◆ Records provided:
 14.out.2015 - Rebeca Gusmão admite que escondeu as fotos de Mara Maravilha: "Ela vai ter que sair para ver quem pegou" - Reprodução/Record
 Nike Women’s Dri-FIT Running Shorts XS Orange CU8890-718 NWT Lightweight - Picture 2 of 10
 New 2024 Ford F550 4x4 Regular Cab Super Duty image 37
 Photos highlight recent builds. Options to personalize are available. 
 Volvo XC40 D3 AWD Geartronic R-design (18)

◆ Problem to work on: Extract the listing in its entirety, matching it exactly.

◆ Answer space:
 14.out.2015 - Rebeca Gusmão admite que escondeu as fotos de Mara Maravilha: "Ela vai ter que sair para ver quem pegou" - Reprodução/Record
 Nike Women’s Dri-FIT Running Shorts XS Orange CU8890-718 NWT Lightweight - Picture 2 of 10
 New 2024 Ford F550 4x4 Regular Cab Super Duty image 37
 Photos highlight recent builds. Options to personalize are available. 
 Volvo XC40 D3 AWD Geartronic R-design (18)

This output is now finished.